START Input data
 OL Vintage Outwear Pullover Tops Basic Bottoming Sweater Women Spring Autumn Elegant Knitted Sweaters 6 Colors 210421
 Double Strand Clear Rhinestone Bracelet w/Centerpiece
END Input data
START Input data
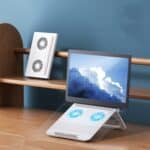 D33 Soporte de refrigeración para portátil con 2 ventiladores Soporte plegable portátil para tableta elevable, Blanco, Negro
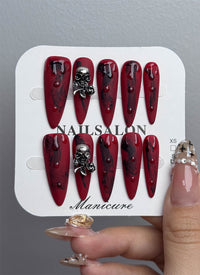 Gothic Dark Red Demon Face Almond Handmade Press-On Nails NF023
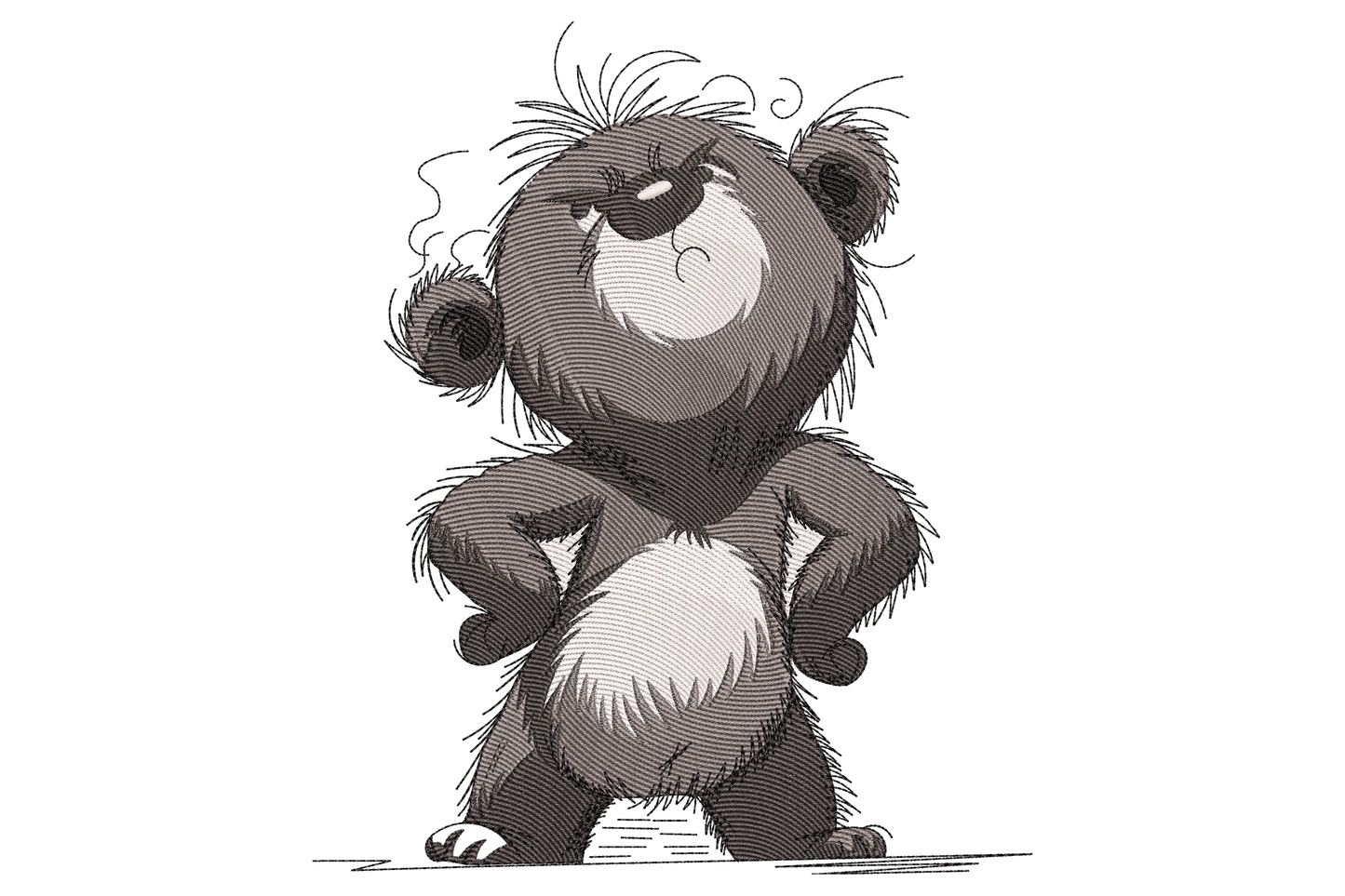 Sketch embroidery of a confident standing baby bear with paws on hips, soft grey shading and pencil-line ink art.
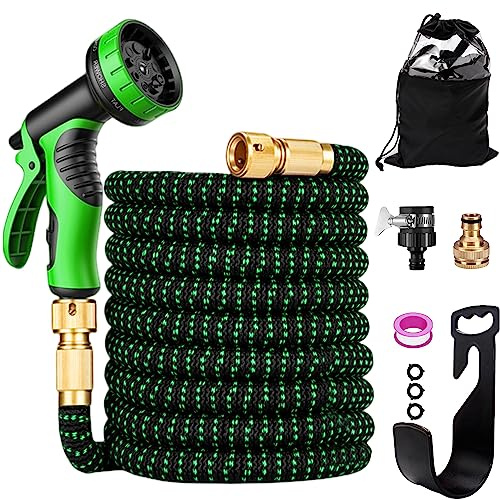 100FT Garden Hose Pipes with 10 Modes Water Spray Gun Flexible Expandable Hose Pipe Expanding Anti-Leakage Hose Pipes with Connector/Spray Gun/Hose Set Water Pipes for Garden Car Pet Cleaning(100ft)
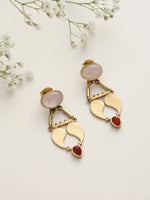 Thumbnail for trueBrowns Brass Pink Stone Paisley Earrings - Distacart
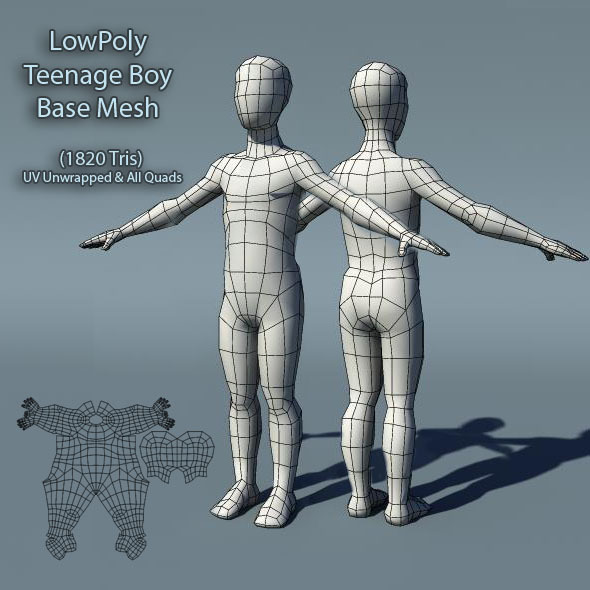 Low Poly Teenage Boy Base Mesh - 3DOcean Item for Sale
END Input data
In the listing above, find the line with "Gothic Dark Red" and the line with "Sketch embroidery of". Copy both of them and every line between, exactly, but not the pictures.

• Answer to the exercise
 Gothic Dark Red Demon Face Almond Handmade Press-On Nails NF023
 Sketch embroidery of a confident standing baby bear with paws on hips, soft grey shading and pencil-line ink art.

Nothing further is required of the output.